Task instructions:
Write out, word for word and with no pictures, each line below from the one containing "Betta fish keychain handmade" through the one containing "Tory Burch Black", both included, and no other line.
**** The data ****
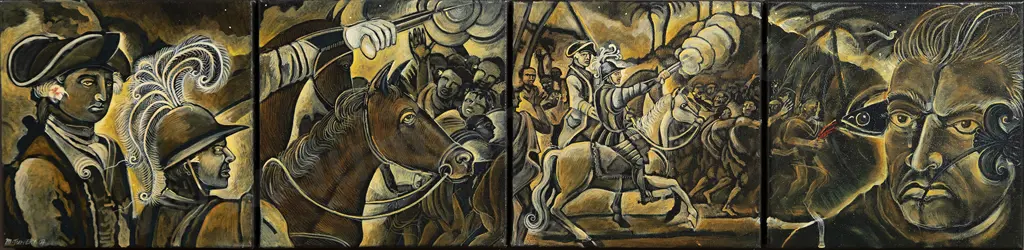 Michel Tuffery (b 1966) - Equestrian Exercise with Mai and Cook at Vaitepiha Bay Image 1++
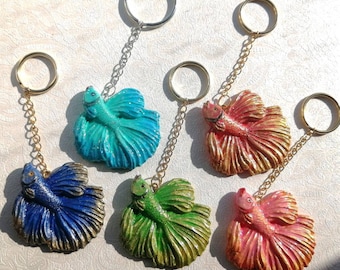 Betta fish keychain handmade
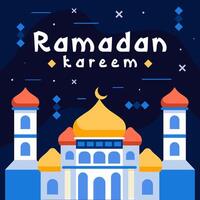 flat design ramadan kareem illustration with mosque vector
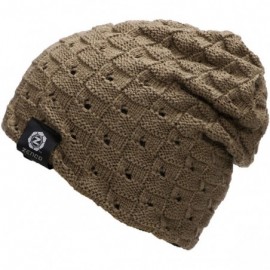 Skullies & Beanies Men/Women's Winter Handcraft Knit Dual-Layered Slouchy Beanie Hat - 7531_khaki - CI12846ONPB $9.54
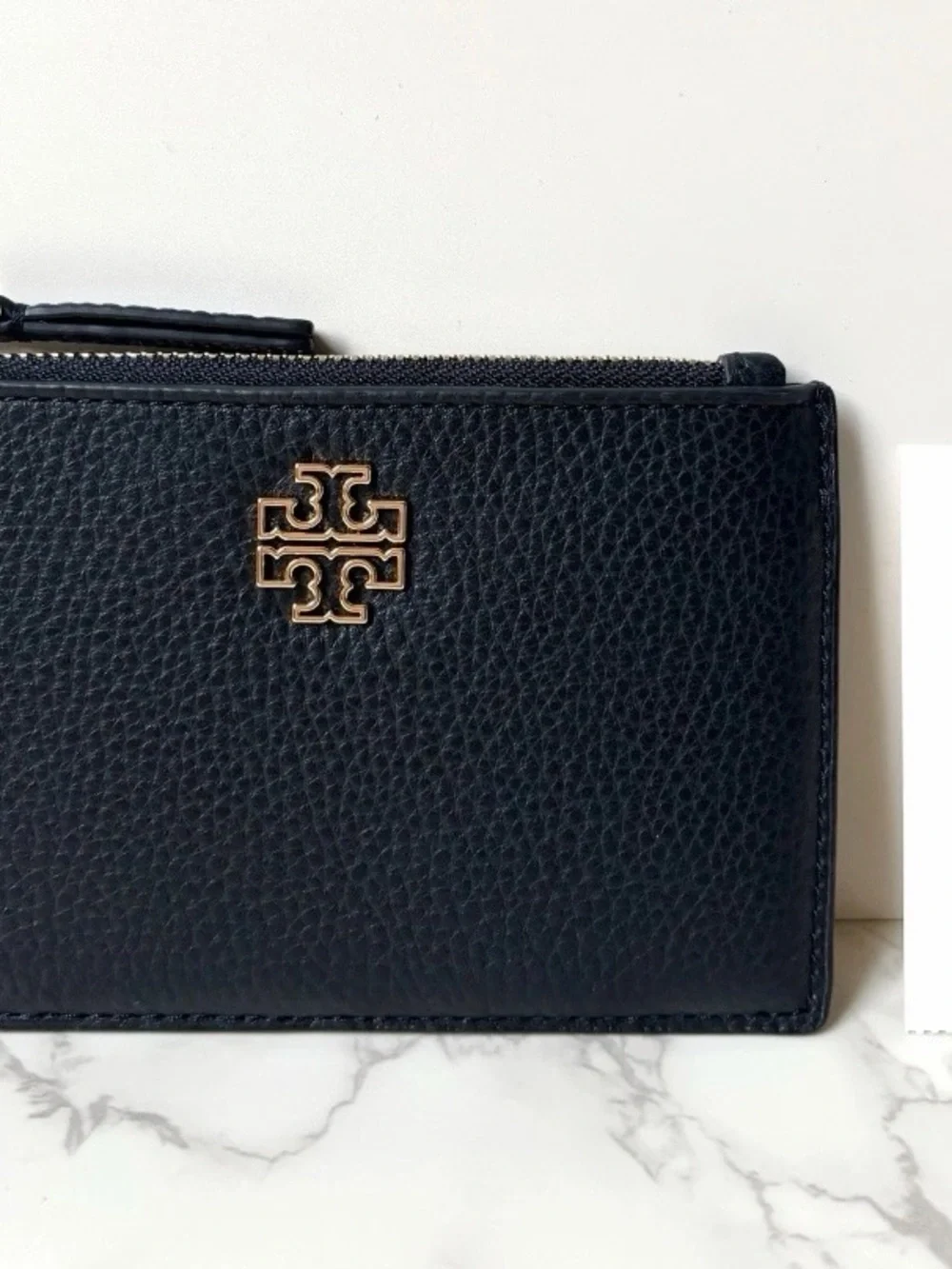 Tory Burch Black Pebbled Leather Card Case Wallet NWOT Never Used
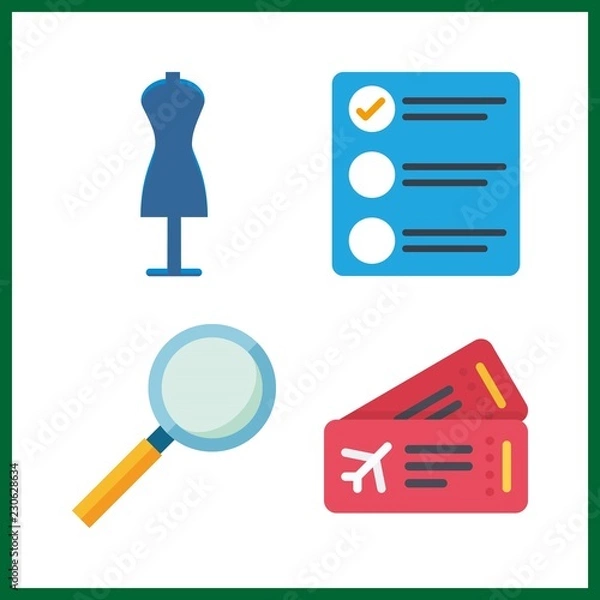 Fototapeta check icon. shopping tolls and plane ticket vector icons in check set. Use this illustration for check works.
****
Task output:
 Betta fish keychain handmade
 flat design ramadan kareem illustration with mosque vector
 Skullies & Beanies Men/Women's Winter Handcraft Knit Dual-Layered Slouchy Beanie Hat - 7531_khaki - CI12846ONPB $9.54
 Tory Burch Black Pebbled Leather Card Case Wallet NWOT Never Used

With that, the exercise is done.